About this exercise: Reply with one number: the count of lines in the listing that contain the string "details".

○ ○ ○ ○

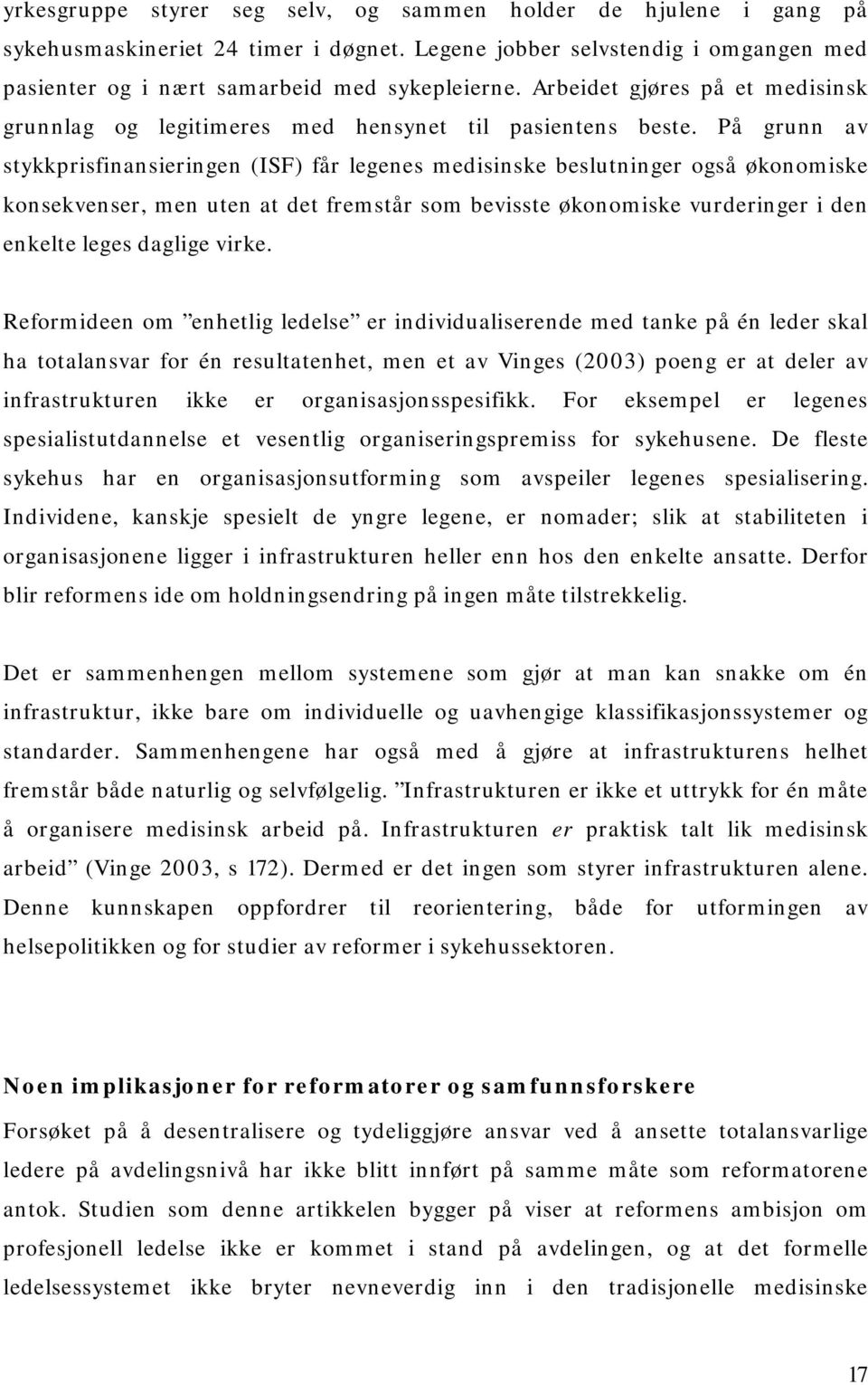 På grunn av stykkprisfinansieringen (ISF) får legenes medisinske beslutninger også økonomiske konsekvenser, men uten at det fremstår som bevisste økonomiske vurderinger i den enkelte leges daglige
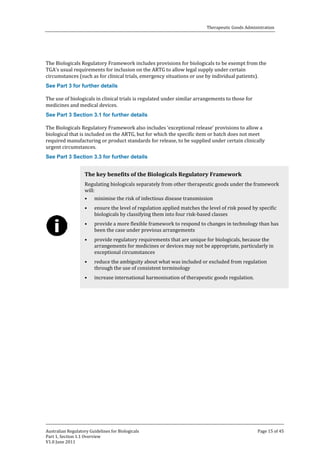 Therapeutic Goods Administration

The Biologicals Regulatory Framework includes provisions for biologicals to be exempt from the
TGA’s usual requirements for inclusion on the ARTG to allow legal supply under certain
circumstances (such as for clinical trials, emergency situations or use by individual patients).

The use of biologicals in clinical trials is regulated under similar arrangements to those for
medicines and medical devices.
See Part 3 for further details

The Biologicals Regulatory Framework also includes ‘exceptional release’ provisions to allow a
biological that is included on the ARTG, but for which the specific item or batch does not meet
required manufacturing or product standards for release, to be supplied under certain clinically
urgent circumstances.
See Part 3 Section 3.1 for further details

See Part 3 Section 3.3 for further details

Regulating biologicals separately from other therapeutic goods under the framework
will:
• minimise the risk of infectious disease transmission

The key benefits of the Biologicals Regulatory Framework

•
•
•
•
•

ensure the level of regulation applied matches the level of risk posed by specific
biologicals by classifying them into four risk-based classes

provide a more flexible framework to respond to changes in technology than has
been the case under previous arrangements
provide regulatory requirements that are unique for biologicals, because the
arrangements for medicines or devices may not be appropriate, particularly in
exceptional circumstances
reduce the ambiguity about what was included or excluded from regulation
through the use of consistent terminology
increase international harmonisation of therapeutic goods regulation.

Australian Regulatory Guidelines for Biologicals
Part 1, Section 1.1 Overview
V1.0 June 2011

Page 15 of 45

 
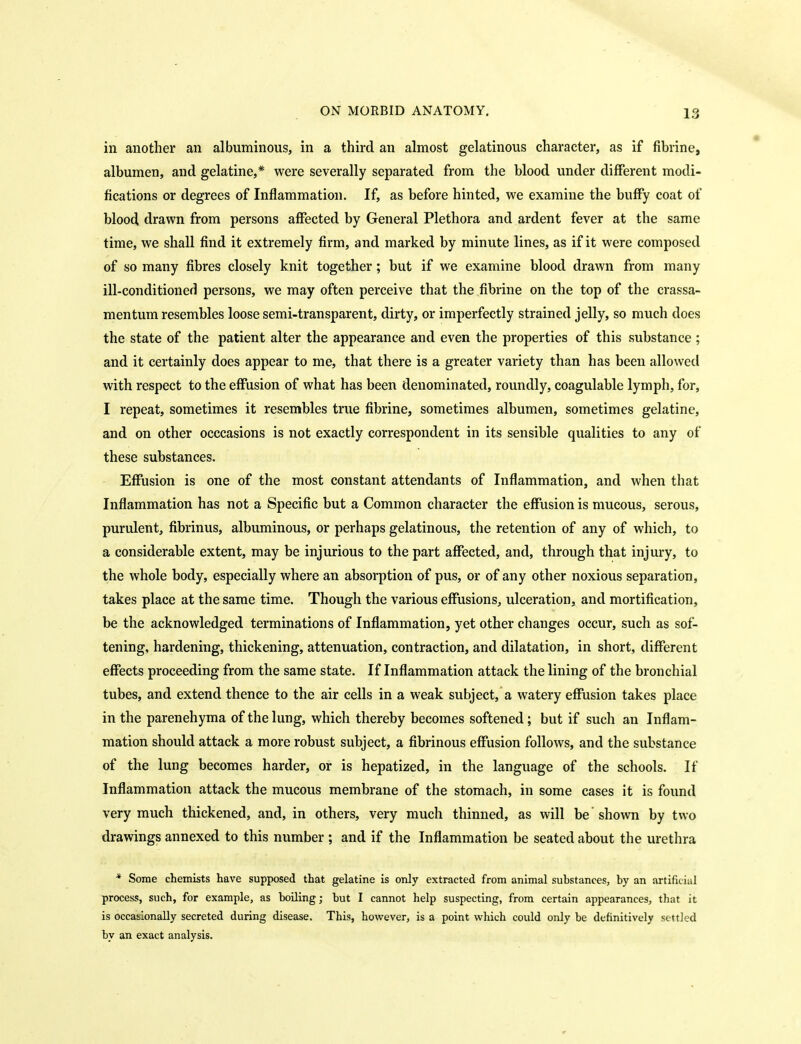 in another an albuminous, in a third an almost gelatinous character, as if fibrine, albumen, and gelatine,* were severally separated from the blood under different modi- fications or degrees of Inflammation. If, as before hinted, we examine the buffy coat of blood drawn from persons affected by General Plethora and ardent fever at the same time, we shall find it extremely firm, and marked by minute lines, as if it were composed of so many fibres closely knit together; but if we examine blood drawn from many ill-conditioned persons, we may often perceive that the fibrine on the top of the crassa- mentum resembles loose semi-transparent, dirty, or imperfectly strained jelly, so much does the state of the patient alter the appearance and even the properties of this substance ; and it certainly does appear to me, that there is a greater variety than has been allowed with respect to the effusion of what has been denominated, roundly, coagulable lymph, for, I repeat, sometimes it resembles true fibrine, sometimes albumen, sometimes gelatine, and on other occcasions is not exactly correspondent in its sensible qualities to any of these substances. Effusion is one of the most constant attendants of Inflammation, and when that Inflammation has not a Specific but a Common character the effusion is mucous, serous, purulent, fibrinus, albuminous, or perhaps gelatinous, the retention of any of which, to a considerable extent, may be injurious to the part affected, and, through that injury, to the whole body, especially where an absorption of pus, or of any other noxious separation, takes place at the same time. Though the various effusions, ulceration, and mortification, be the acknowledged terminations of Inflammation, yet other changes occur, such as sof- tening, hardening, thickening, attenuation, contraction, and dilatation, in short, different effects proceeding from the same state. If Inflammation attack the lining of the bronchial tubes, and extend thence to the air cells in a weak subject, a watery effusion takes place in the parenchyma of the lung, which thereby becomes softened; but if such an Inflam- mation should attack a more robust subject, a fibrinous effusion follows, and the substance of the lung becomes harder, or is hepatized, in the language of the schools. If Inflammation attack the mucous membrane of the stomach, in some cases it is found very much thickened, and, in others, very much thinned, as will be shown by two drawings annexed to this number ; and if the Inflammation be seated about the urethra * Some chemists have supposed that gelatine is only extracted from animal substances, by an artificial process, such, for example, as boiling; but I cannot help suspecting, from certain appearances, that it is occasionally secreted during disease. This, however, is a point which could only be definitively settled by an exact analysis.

○ ○ ○ ○

Exercise answer: 3